[Supplied material]
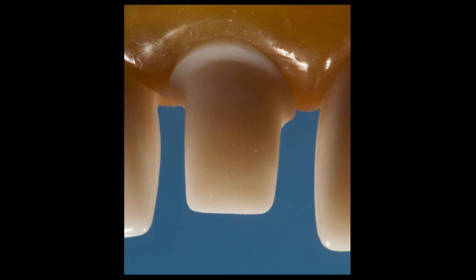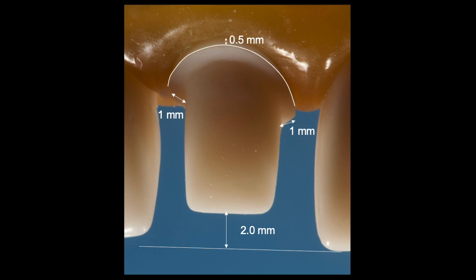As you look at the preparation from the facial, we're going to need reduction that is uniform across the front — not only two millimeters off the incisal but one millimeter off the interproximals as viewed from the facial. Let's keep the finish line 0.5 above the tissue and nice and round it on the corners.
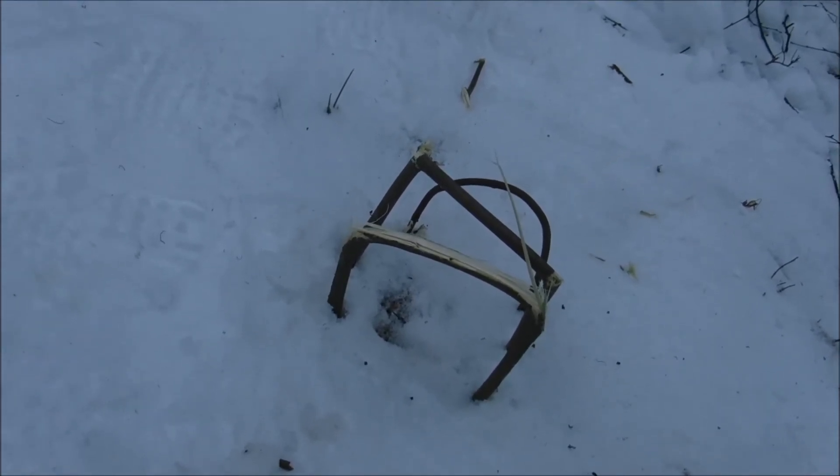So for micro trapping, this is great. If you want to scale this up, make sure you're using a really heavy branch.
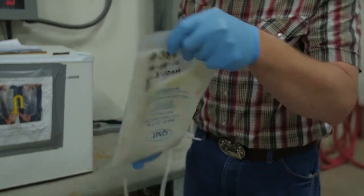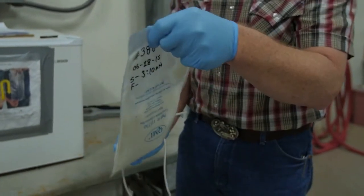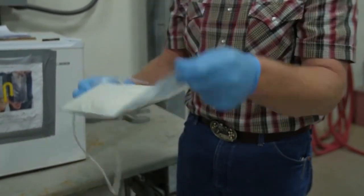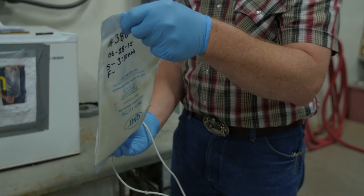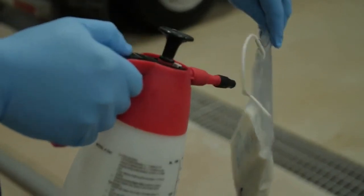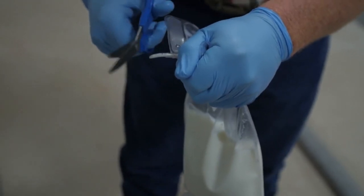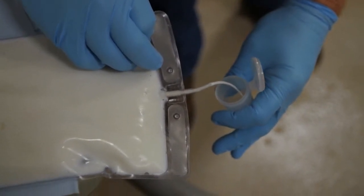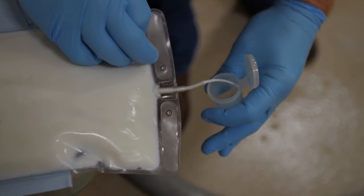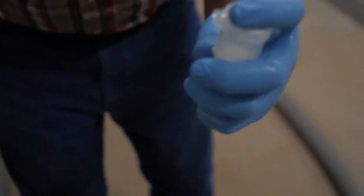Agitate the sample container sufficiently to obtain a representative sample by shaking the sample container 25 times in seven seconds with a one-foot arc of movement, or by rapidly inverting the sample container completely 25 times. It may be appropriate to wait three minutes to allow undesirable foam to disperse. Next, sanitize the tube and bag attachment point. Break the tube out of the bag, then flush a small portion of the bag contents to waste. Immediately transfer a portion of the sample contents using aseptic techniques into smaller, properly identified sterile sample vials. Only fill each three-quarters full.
[/Supplied material]
**Work request**
The exact lines from the beginning of the data through the one that contains "So for micro" must be given again, both ends included, and pictures must be left out.

**Answer below**
As you look at the preparation from the facial, we're going to need reduction that is uniform across the front — not only two millimeters off the incisal but one millimeter off the interproximals as viewed from the facial. Let's keep the finish line 0.5 above the tissue and nice and round it on the corners.
So for micro trapping, this is great. If you want to scale this up, make sure you're using a really heavy branch.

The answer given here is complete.